── Listed records

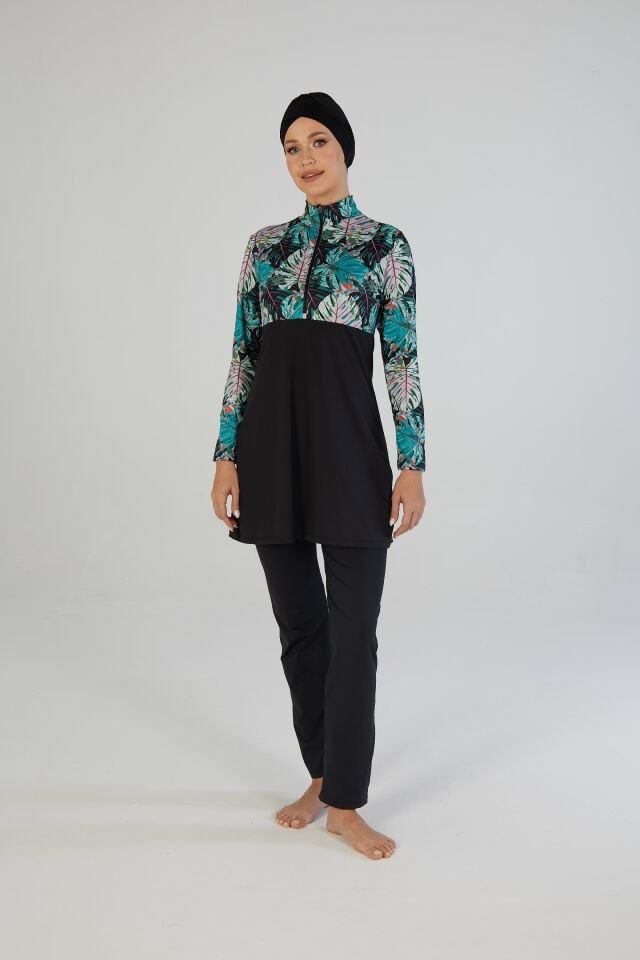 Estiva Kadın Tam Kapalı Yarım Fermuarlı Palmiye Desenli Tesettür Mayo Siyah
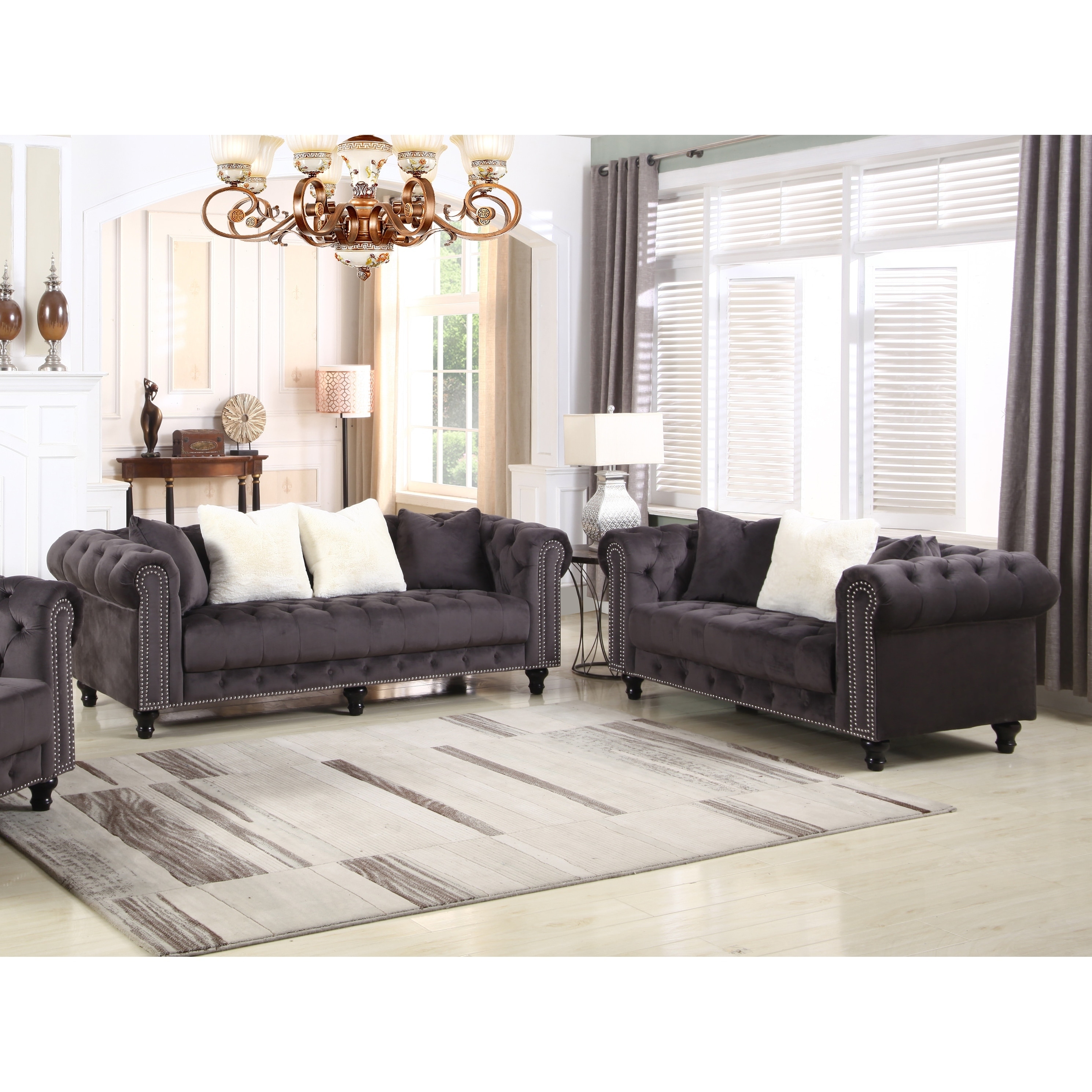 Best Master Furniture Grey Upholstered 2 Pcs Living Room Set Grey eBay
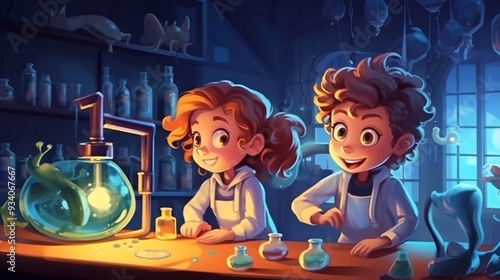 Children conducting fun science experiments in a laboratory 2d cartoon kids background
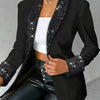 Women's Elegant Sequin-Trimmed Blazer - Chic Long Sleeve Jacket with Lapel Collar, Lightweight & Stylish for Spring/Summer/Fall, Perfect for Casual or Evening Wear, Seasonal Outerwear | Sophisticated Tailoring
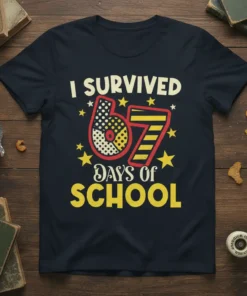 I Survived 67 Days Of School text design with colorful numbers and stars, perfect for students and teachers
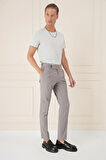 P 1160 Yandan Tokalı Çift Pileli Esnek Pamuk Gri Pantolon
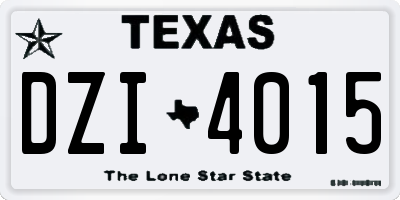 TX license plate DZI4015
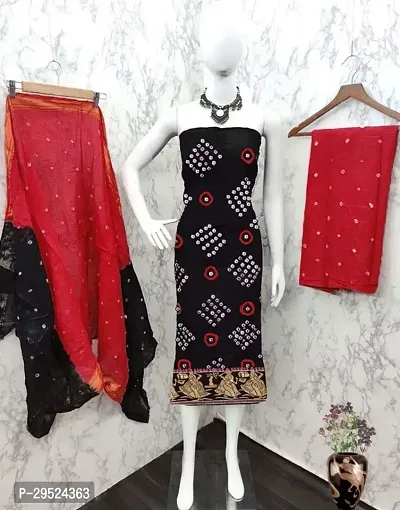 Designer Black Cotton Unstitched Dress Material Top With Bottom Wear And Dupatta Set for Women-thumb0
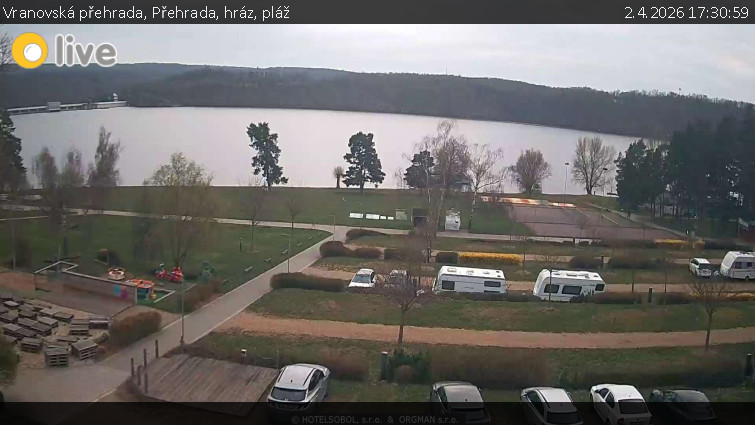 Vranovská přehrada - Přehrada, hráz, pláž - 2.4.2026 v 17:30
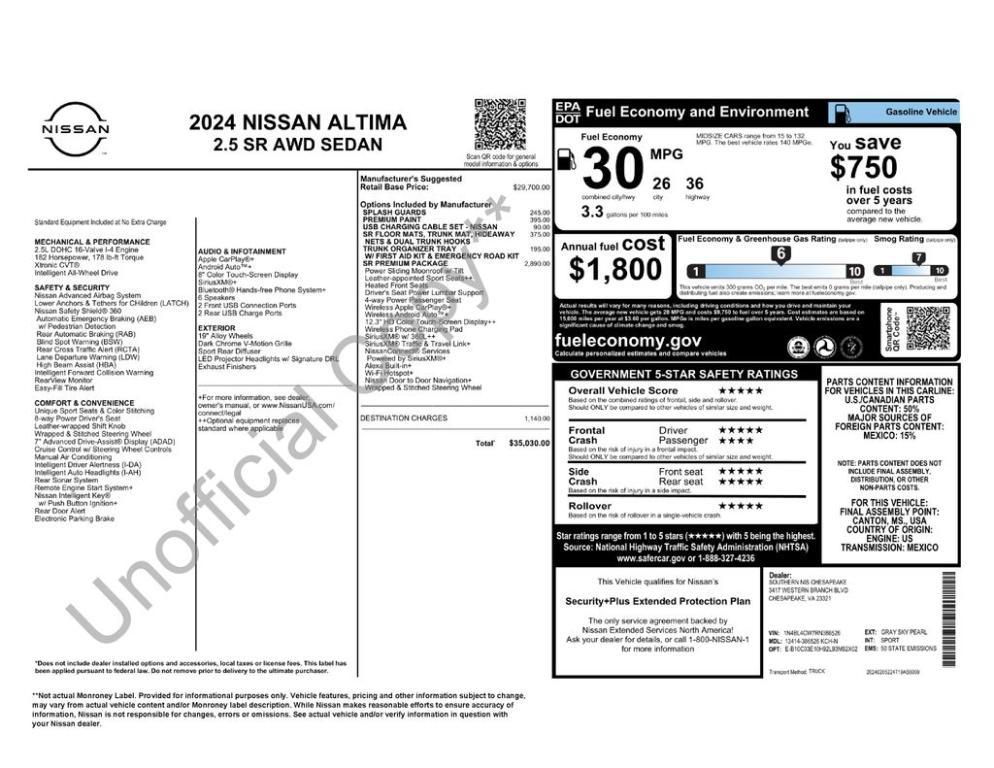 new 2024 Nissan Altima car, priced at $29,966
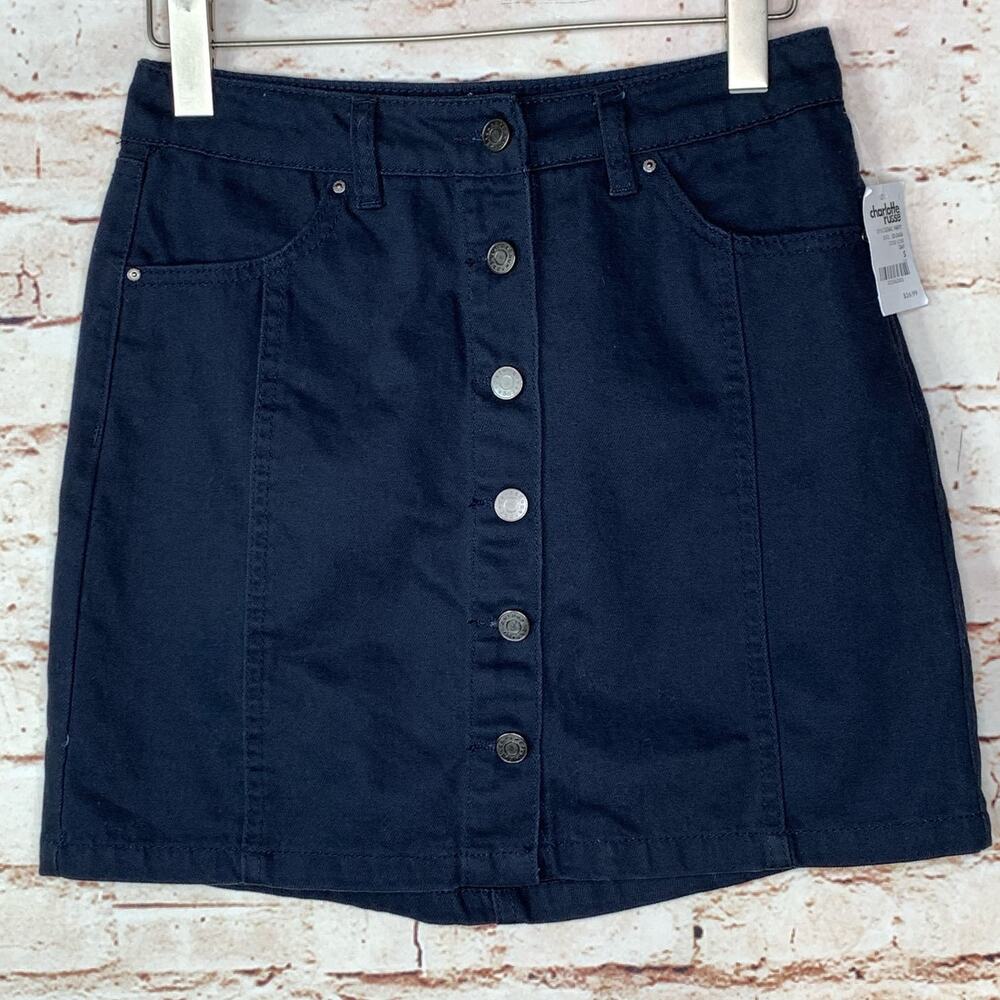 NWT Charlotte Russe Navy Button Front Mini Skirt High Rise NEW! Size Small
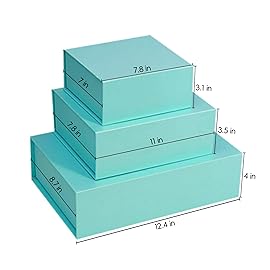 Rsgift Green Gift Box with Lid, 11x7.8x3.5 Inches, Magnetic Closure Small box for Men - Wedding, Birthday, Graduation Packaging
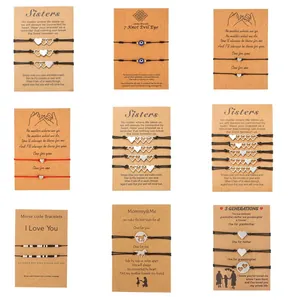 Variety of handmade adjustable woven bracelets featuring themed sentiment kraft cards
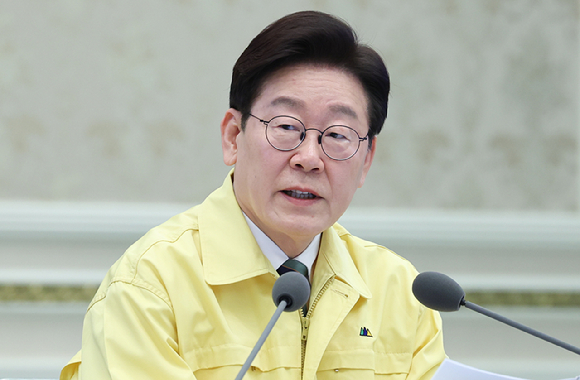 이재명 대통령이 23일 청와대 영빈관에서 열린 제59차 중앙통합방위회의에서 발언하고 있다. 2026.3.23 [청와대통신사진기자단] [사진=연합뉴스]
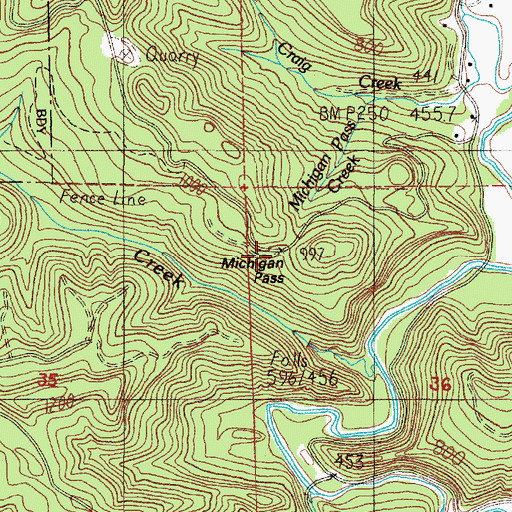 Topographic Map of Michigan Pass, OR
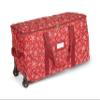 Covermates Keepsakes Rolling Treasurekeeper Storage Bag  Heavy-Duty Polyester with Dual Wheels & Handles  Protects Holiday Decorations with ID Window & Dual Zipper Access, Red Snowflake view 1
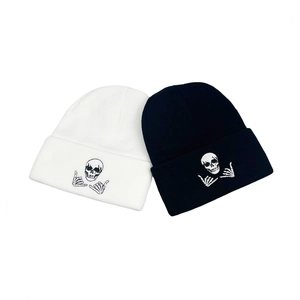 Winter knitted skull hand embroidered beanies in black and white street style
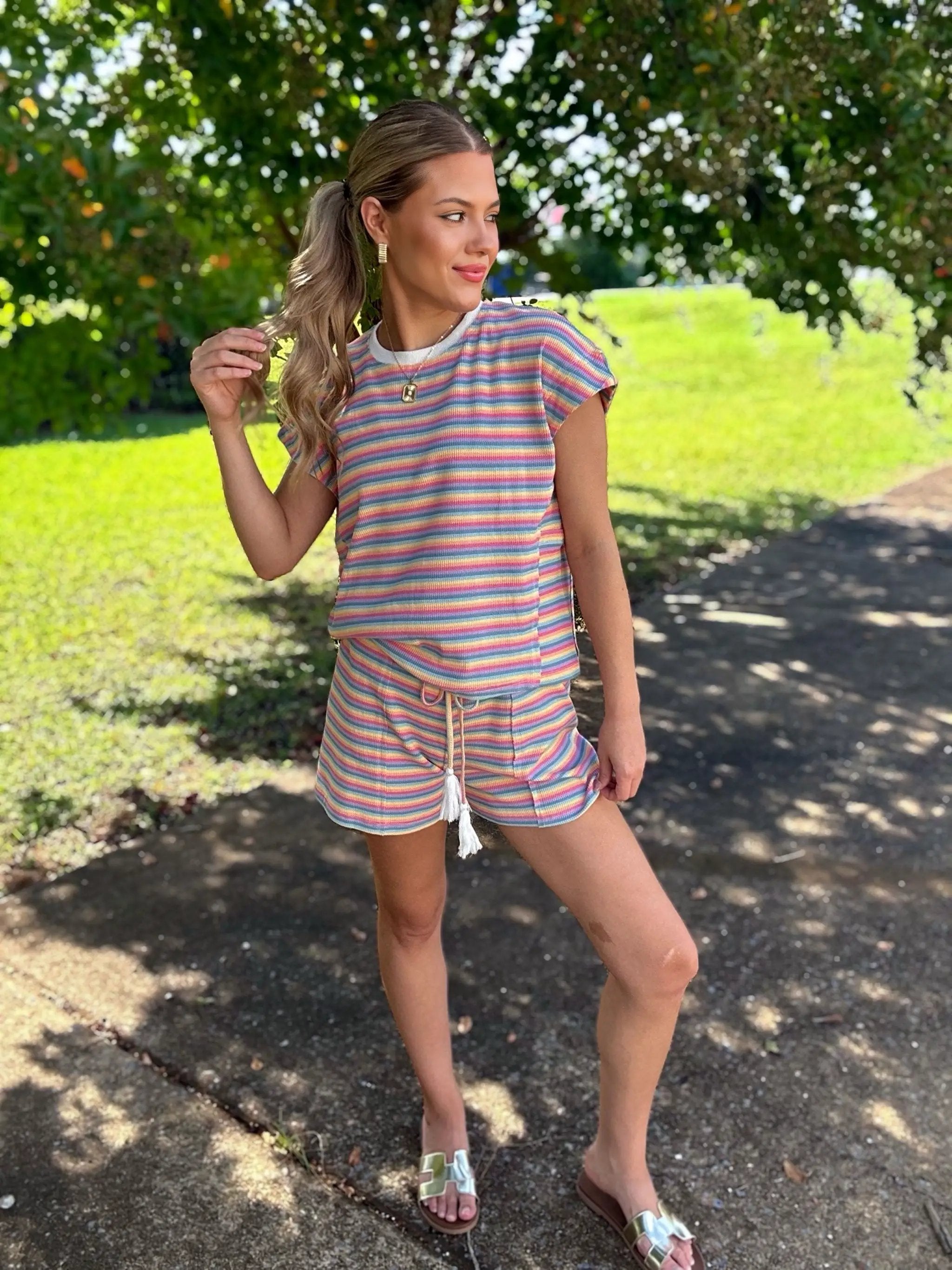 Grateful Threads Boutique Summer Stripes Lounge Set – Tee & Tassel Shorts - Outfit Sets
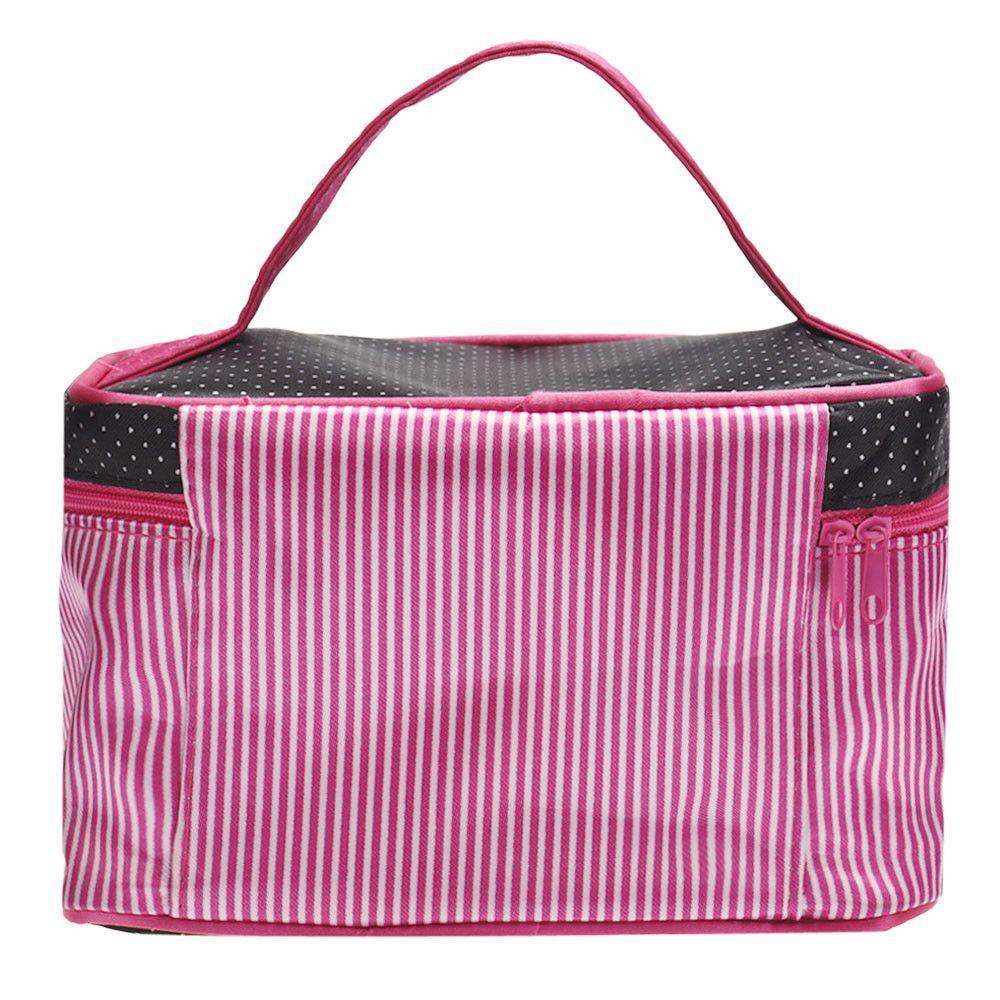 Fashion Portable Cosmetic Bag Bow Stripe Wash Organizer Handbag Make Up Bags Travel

────

_What you need to do_
Without the pictures, repeat exactly the lines running from the line containing "Topographic Map of Michigan Pass, OR" through the end of the data, both ends included.

_Exercise solution_
 Topographic Map of Michigan Pass, OR
 Covermates Keepsakes Rolling Treasurekeeper Storage Bag  Heavy-Duty Polyester with Dual Wheels & Handles  Protects Holiday Decorations with ID Window & Dual Zipper Access, Red Snowflake view 1
 Winter knitted skull hand embroidered beanies in black and white street style
 Grateful Threads Boutique Summer Stripes Lounge Set – Tee & Tassel Shorts - Outfit Sets
 Fashion Portable Cosmetic Bag Bow Stripe Wash Organizer Handbag Make Up Bags Travel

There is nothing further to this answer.